Two Hendry County K-9 deputies retire


LABELLE — One of the most popular units at the Hendry County Sheriff’s Office is the K-9 Unit. People just love to see them work and often want to pet them (something they would not recommend you spontaneously walk up and do). These specialized deputies along with their K-9 handlers are used as work dogs for actions ranging from drug enforcement and search and rescue to apprehending criminal subjects. These K-9 police dogs are also ambassadors of the agency but spend most of their lives protecting human law enforcement officers from danger in the line of duty.

Just recently two K-9s retired and are living in loving homes. Typically, when a K-9 is retired, they are adopted by either the handler or another law enforcement officer; but that isn’t always the case. When a K-9 is retired and not able to remain in the handler’s home, those who request to adopt are closely vetted for procurement of the dog.

Henry is an 8-year-old German bloodhound that was imported to the United States at 10 weeks old. By the age of one, he had received his certification for tracking. During his career he recovered numerous articles of evidence, guns and missing and/or endangered persons. Henry’s exceptional tracking abilities made him a valuable member of the Sheriff’s Office.

When Henry retired, he could not be adopted by his previous handler but instead was adopted by another deputy who was a former K-9 handler, Hendry County Sgt. Curtis Clay.

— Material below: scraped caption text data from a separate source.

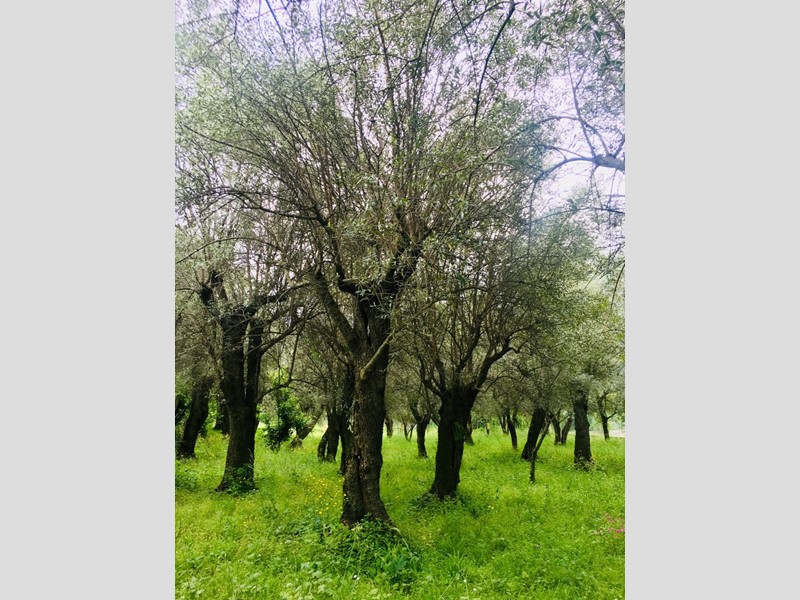 Casa Semi Indipendente in Vendita a Seravezza, zona Querceta, 115'000&euro;, 50 m²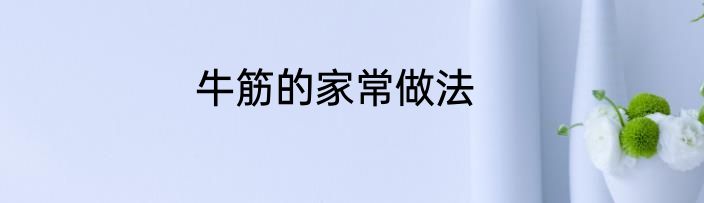 牛筋的家常做法
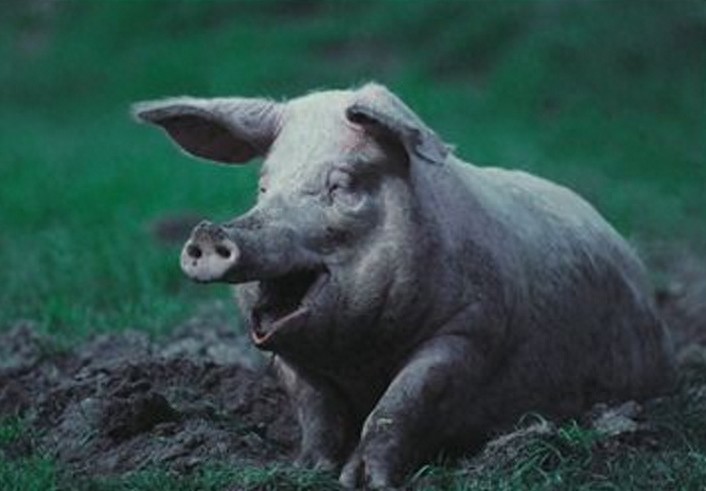 世界上最大的猪900公斤,它的肉你和家人可以吃一辈子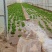 叶生菜大量上市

Sgt. Clay described Henry’s life now as “fat and happy.” He currently lives in a home with three senior dogs, so Henry isn’t really alone. “He’s 8 years old but still has the energy of a puppy,” said Clay. He went on to say, “Because he still has a great deal of energy, we work with him several times a week, running tracks with him. Clay continues these tracking session because as a former handler he just doesn’t think it’s good for the dog to sit at home.

Kole is a beautiful long-coat lab from Puerto Rico. Displaced by Hurricane Irma in 2017, Kole was adopted by the Hendry County Sheriff’s Office and shortly became certified as a single purpose narcotic detection dog. He served his time assigned to Country Oaks Elementary School with School Resource Officer Ryan Vickery.

Kole now spends his time at home with Vickery and the rest of his family, getting to know his new house partner, K-9 Max. Vickery feels that K-9 Max and Kole get along well, and he believes that K-9 Max keeps Kole busy. Kole also keeps other family members company and has gone back to work with Vickery’s wife, who is still working from home, and she lovingly refers to Kole as her “co-worker.”